Records provided –
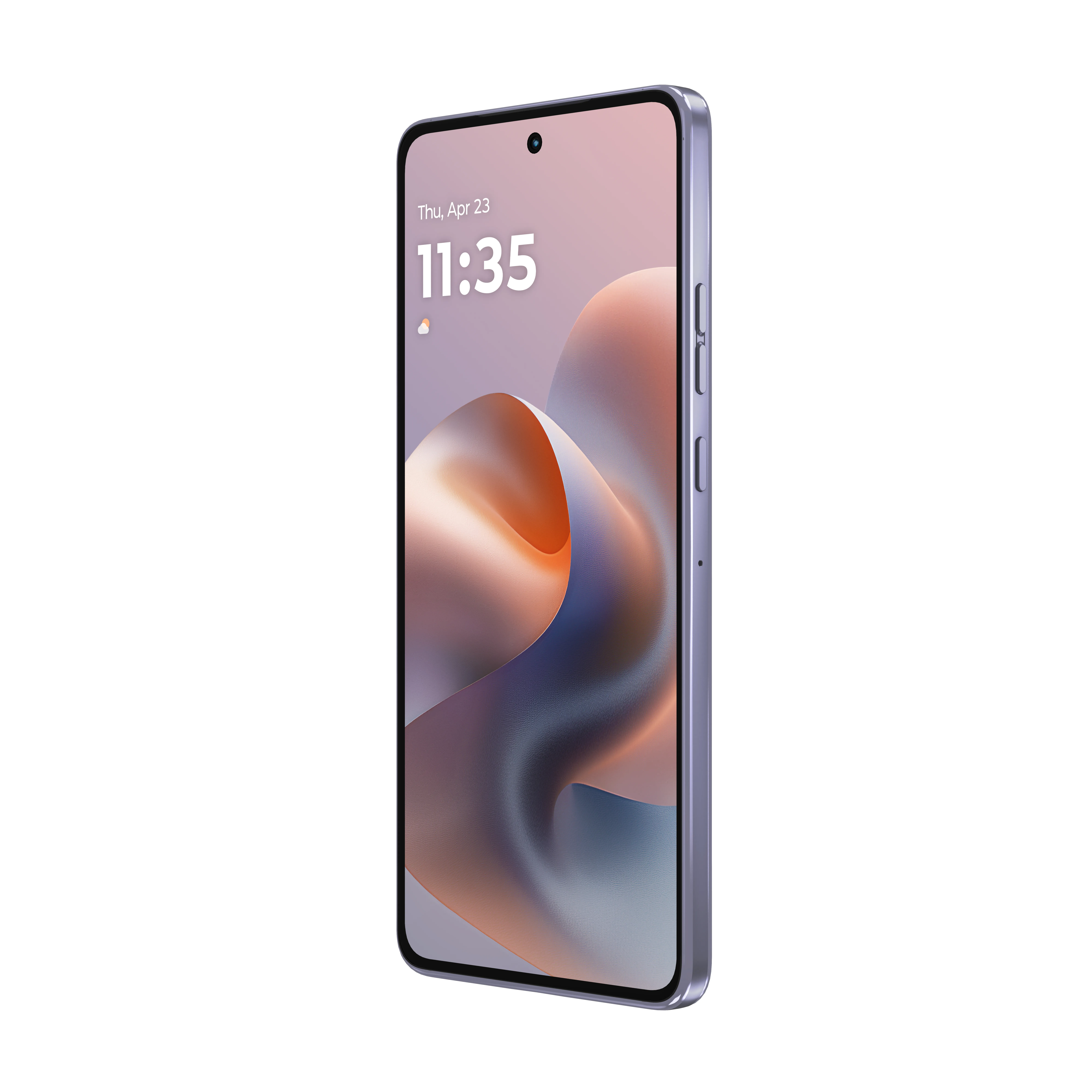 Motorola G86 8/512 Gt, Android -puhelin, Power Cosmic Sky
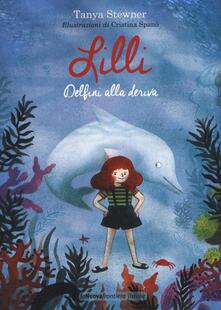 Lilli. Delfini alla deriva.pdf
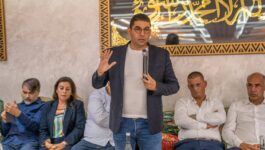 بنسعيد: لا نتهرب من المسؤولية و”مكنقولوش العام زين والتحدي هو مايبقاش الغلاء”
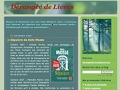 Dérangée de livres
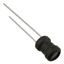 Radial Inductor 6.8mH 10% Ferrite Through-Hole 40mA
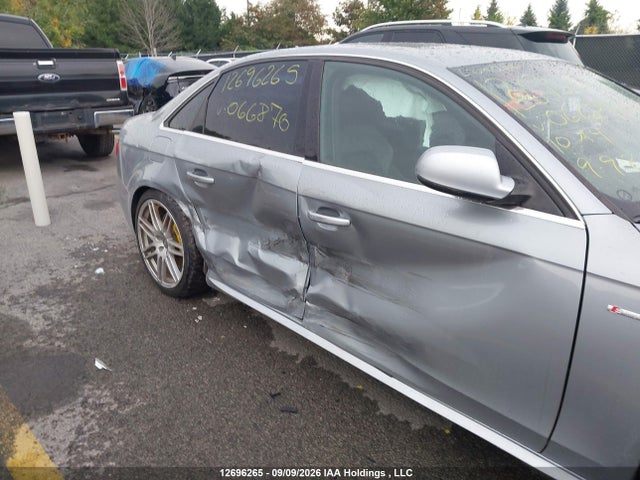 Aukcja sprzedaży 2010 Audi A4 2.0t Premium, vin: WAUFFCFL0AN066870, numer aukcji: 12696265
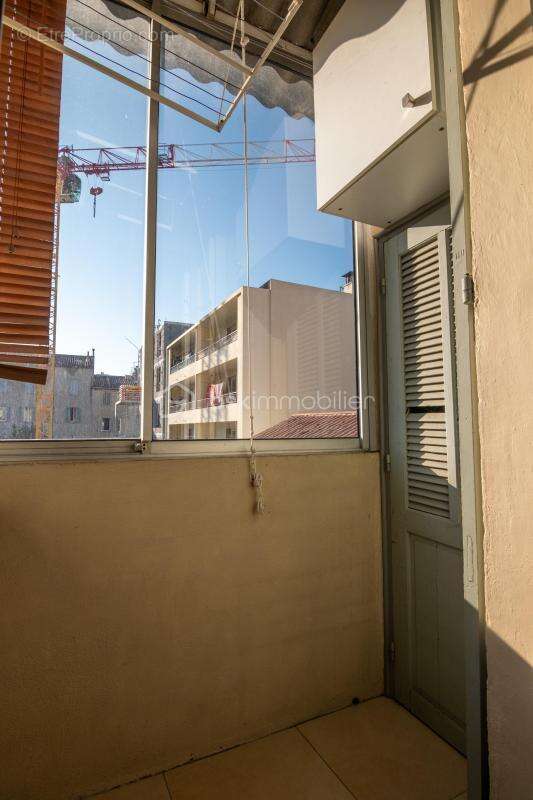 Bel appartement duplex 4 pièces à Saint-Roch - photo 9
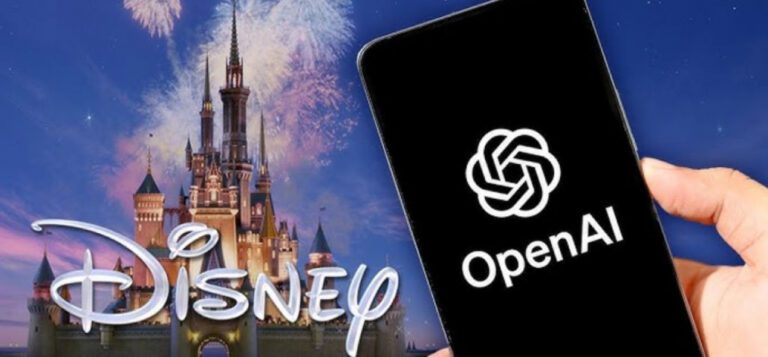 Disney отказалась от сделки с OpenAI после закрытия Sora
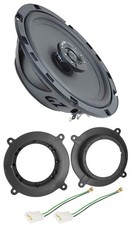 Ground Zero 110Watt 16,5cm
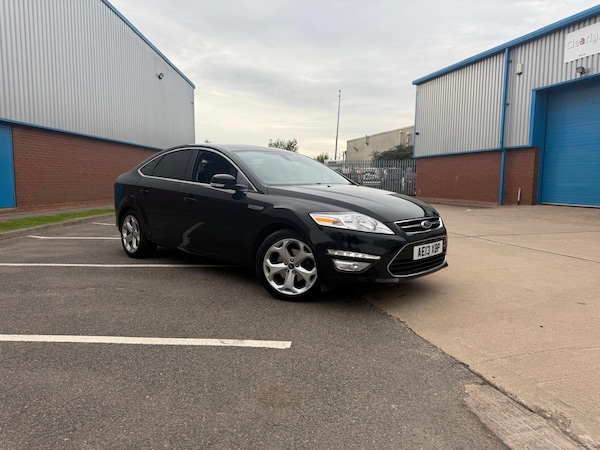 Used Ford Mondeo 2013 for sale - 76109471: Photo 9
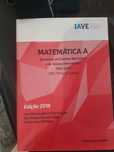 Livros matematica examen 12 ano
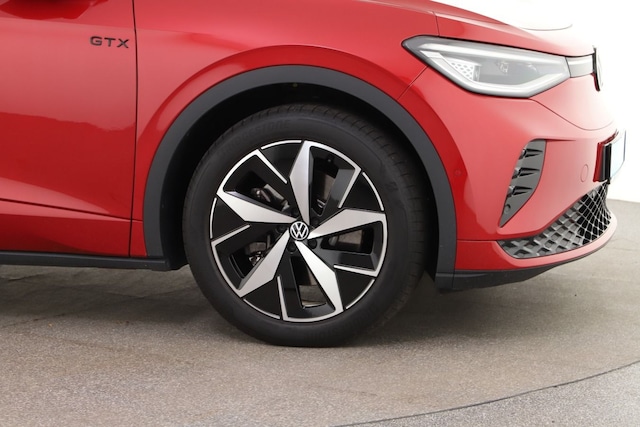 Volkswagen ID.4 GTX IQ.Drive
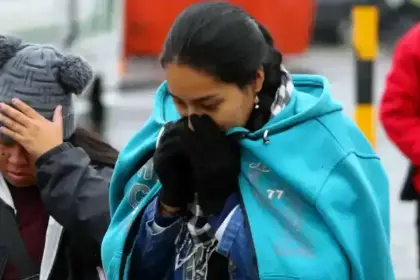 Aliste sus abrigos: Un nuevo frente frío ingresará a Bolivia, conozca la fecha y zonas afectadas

* * *

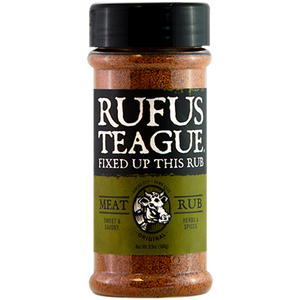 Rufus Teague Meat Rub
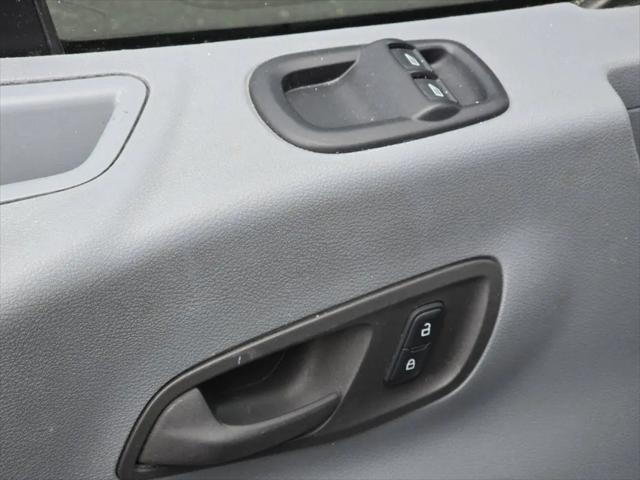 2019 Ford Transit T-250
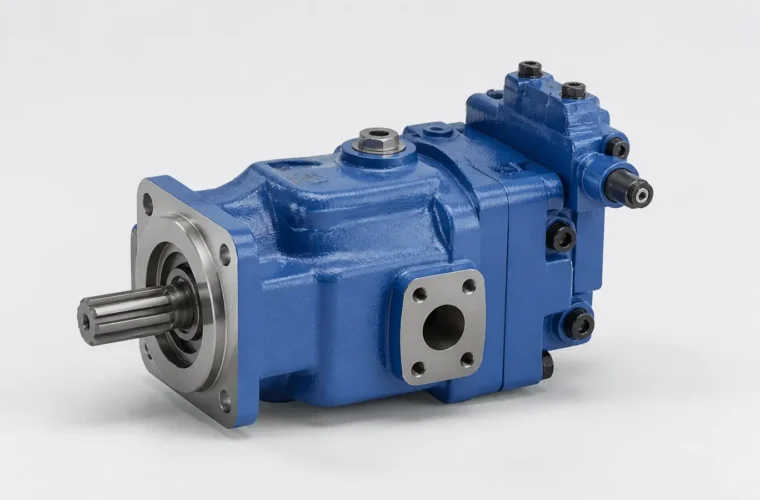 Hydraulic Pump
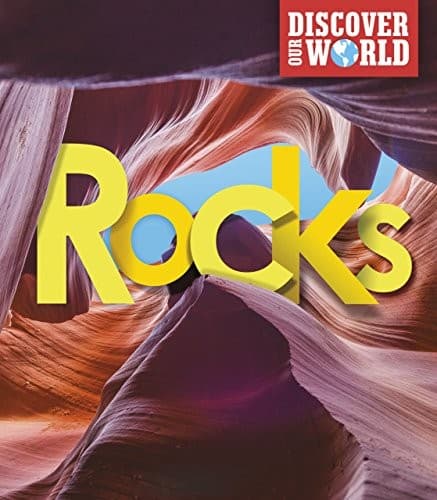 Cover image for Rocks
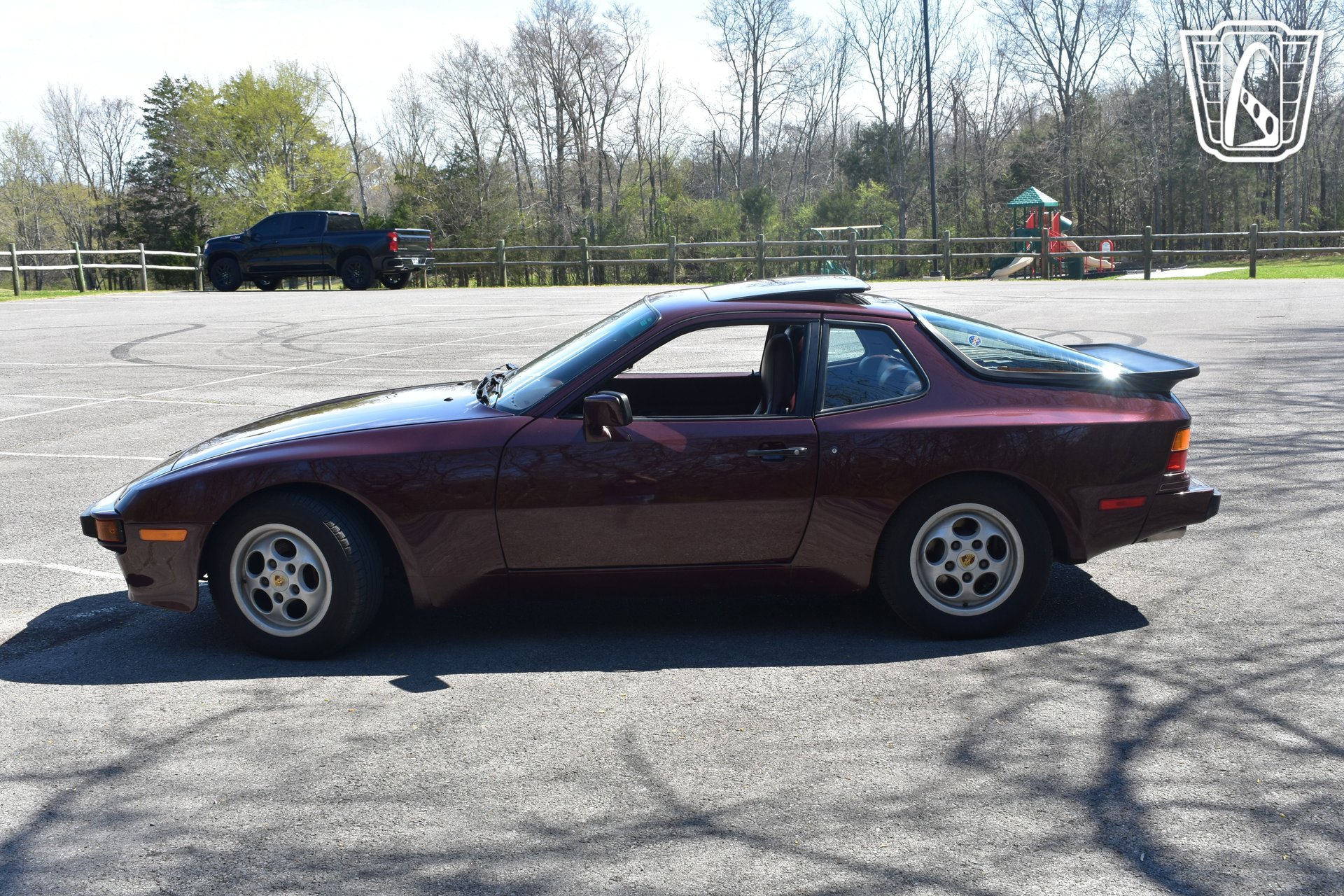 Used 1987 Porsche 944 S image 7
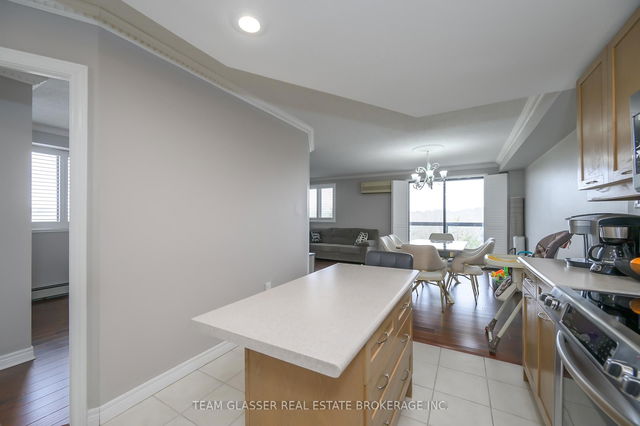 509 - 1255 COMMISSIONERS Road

Exercise directions –
Using the entries above, transcribe exactly from the line that has "Volkswagen ID.4 GTX IQ.Drive" through the line that has "Aliste sus abrigos: Un". Pictures are dropped.

Answer box –
 Volkswagen ID.4 GTX IQ.Drive
 Aliste sus abrigos: Un nuevo frente frío ingresará a Bolivia, conozca la fecha y zonas afectadas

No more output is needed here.